Implementation:Ggml org Llama cpp Public API
| Knowledge Sources | |
|---|---|
| Domains | API, Core |
| Last Updated | 2026-02-15 00:00 GMT |
Overview
Implements the top-level public C API for llama.cpp, serving as the primary entry point that ties together model loading, context creation, inference, and resource management.
Description
This file delegates to internal subsystems (llama-model, llama-context, llama-vocab, etc.) while exposing a unified C interface. It implements device memory estimation for automatic GPU layer distribution, model parameter fitting (auto n_gpu_layers / n_ctx), sampler chain initialization, and the public lifecycle functions including `llama_model_load_from_file`, `llama_init_from_model`, and `llama_free`. It uses a layer-fraction system to distribute tensor groups across devices and provides utility functions for querying backend capabilities (mmap, mlock, GPU offload, RPC support).
Usage
Use this file as the main entry point for all external consumers of the llama.cpp library.

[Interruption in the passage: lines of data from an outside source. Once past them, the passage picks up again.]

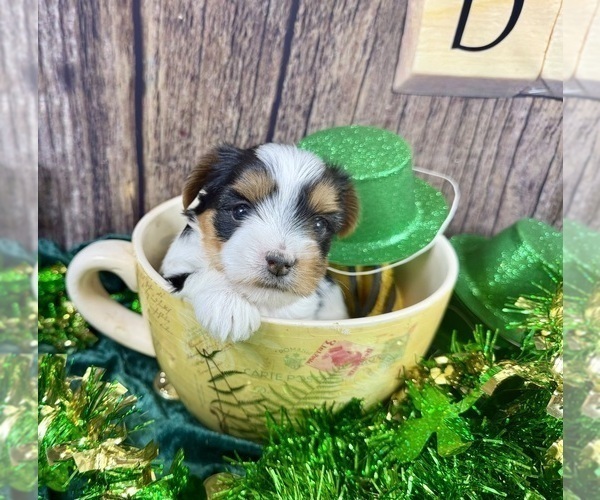 Medium Photo #3 Morkie Puppy For Sale in CASSVILLE, MO, USA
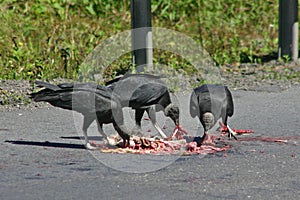 Black vultures eating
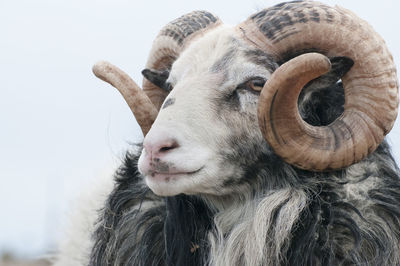 Headshot of sheep, gotland, sweden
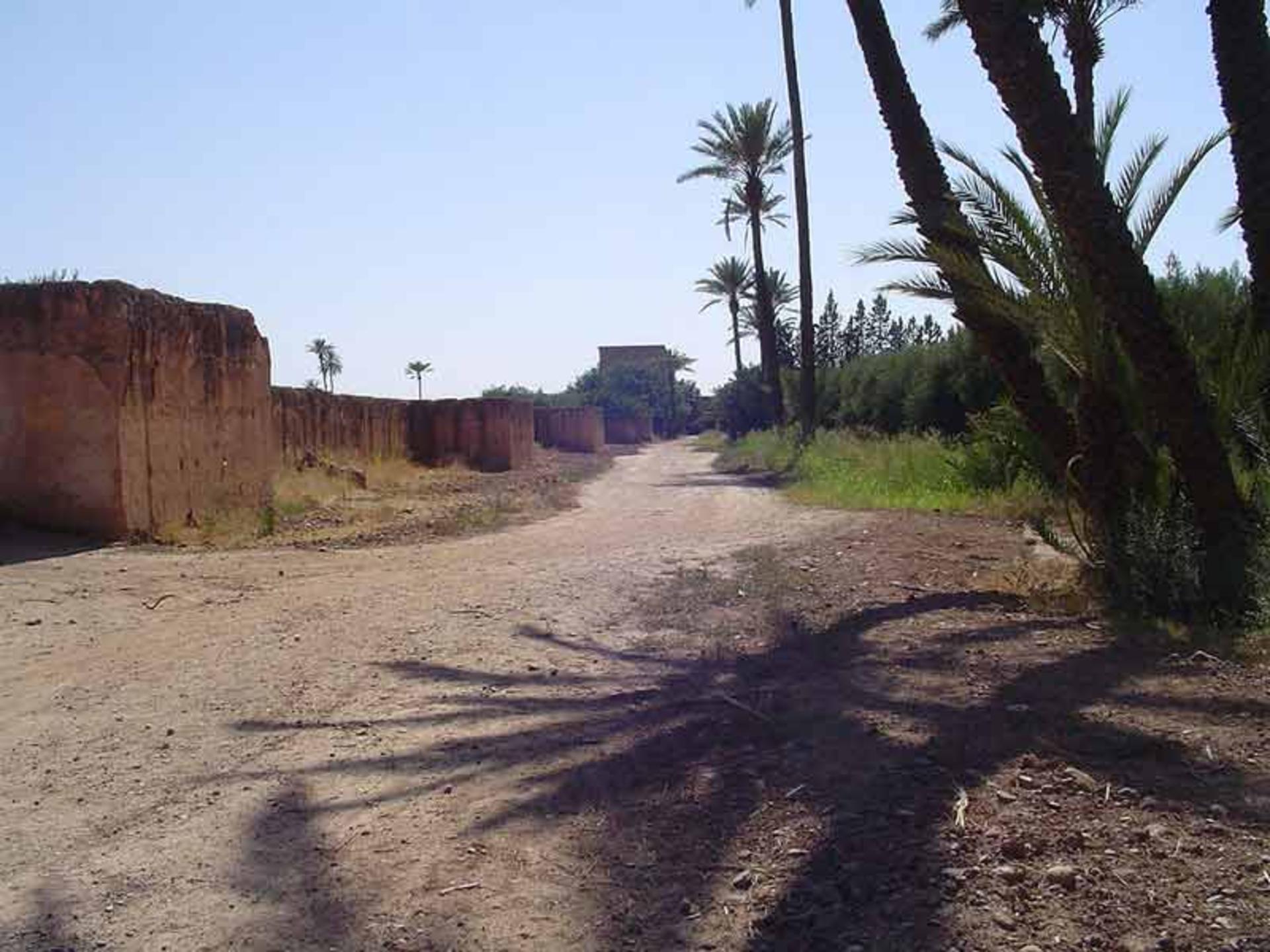 باغ آگ‌ دال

All public-facing API functions defined in `llama.h` are implemented here.
Code Reference
Source Location
- Repository: Ggml_org_Llama_cpp
- File: src/llama.cpp
- Lines: 1-1174
Signature
// Flash attention type name
const char * llama_flash_attn_type_name(enum llama_flash_attn_type flash_attn_type);
// Backend capability queries
bool llama_supports_mmap(void);
bool llama_supports_mlock(void);
bool llama_supports_gpu_offload(void);
bool llama_supports_rpc(void);
// Backend lifecycle
void llama_backend_init(void);
void llama_numa_init(enum ggml_numa_strategy numa);
void llama_backend_free(void);
// Model loading
struct llama_model * llama_model_load_from_file(
const char * path_model, struct llama_model_params params);
struct llama_model * llama_model_load_from_splits(
const char ** paths, size_t n_paths, struct llama_model_params params);
void llama_model_save_to_file(const struct llama_model * model, const char * path_model);
// Sampler chain
struct llama_sampler_chain_params llama_sampler_chain_default_params();
// System info
const char * llama_print_system_info(void);
Import
#include "llama.h"
#include "llama-impl.h"
#include "llama-chat.h"
#include "llama-context.h"
#include "llama-mmap.h"
#include "llama-vocab.h"
#include "llama-model-loader.h"
#include "llama-model-saver.h"
#include "llama-model.h"
#include "ggml.h"
#include "ggml-backend.h"
I/O Contract
Inputs
| Name | Type | Required | Description |
|---|---|---|---|
| path_model | const char * | Yes | File system path to the GGUF model file |
| params | llama_model_params | Yes | Model loading parameters (n_gpu_layers, use_mmap, devices, etc.) |
| cparams | llama_context_params | No | Context parameters for auto-fitting (n_ctx, n_batch, etc.) |
Outputs
| Name | Type | Description |
|---|---|---|
| model | llama_model * | Loaded model handle, or nullptr on failure |
| supports_* | bool | Backend capability flags for mmap, mlock, GPU, RPC |
| system_info | const char * | Human-readable string describing system capabilities |
| sampler_params | llama_sampler_chain_params | Default sampler chain configuration |
Usage Examples
// Initialize backend
llama_backend_init();
llama_numa_init(GGML_NUMA_STRATEGY_DISTRIBUTE);
// Load model
llama_model_params model_params = llama_model_default_params();
model_params.n_gpu_layers = 35;
llama_model * model = llama_model_load_from_file("model.gguf", model_params);
// Check capabilities
if (llama_supports_mmap()) {
// model was loaded with mmap
}
// Clean up
llama_model_free(model);
llama_backend_free();